Question

In vim, I like using relative linenumbers to see how many lines I need to yank, delete, whatever.

However, when using relative linenumbers, the current line is 0, which means, if I want to yank until the line with number 3, I have to type 4yy, which is sort of counterintuitive and is slowing me down.

Is there a way to display relative linenumbers starting with 1 instead of 0?

Was it helpful?

Solution

I'd say, work with the system. Instead of using a 'repeat' you could modify to use the motion as intended:

y3j instead of 4yy

You'll notice that the yank command takes a motion. yy is only there as a shorcut should you not want a motion (by definition it takes the current line).

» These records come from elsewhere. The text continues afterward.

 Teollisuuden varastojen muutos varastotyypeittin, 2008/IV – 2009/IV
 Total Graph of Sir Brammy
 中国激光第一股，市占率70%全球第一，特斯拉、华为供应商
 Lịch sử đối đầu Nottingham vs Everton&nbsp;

In a sense, doing 4yy is a little bit akward ('4times' take this whole line; You are relying on the fact that the implict motion is effectively multiplied by the repeat, it isn't natural since the motion was implicit).

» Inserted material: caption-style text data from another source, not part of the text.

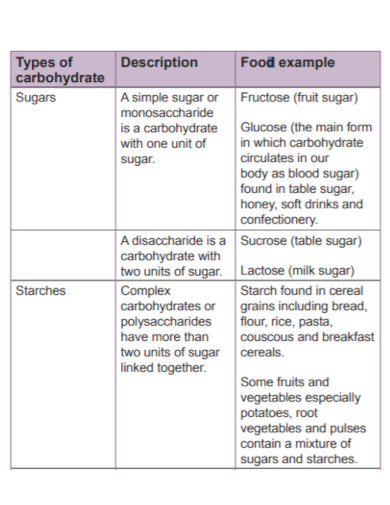 carbohydrates with food examples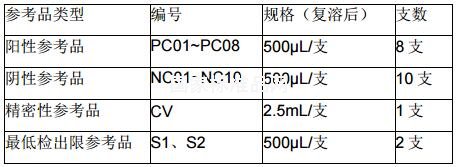 乙型流感病毒核酸检测试剂国家参考品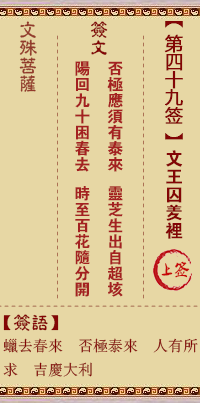 文殊菩萨灵签 第49签解签:文王囚羑里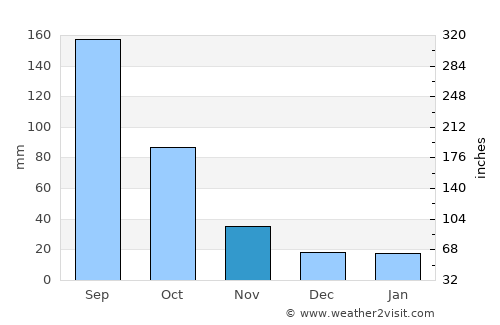 San Juan Atitán average rain in November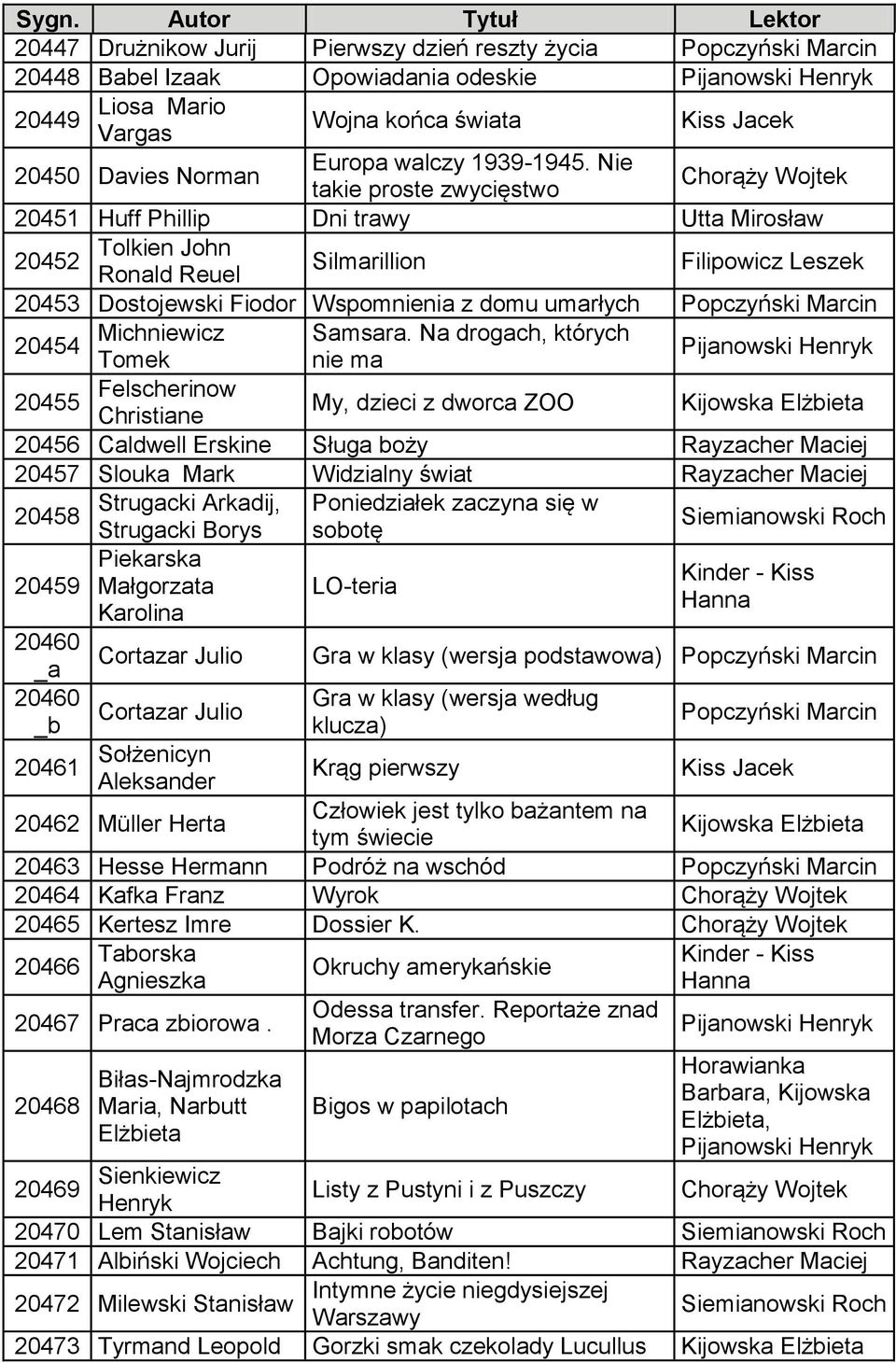 Na drogach, których Tomek nie ma Pijanowski Henryk 20455 Felscherinow Christiane My, dzieci z dworca ZOO 20456 Caldwell Erskine Sługa boży 20457 Slouka Mark Widzialny świat Strugacki Arkadij,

On the plus side, you could even combine it: 4d3j (delete 3linesdown 4 times in a row, not a very useful example)

OTHER TIPS

AFAIK no... or you can check out vim and modify it's source code.

No, it's not possible because the line numbers are relative. First line below current line is rightly numbered 1 and so is the first line above current line.

Agree that you have to do that little math when you are working with commands like yy, dd etc.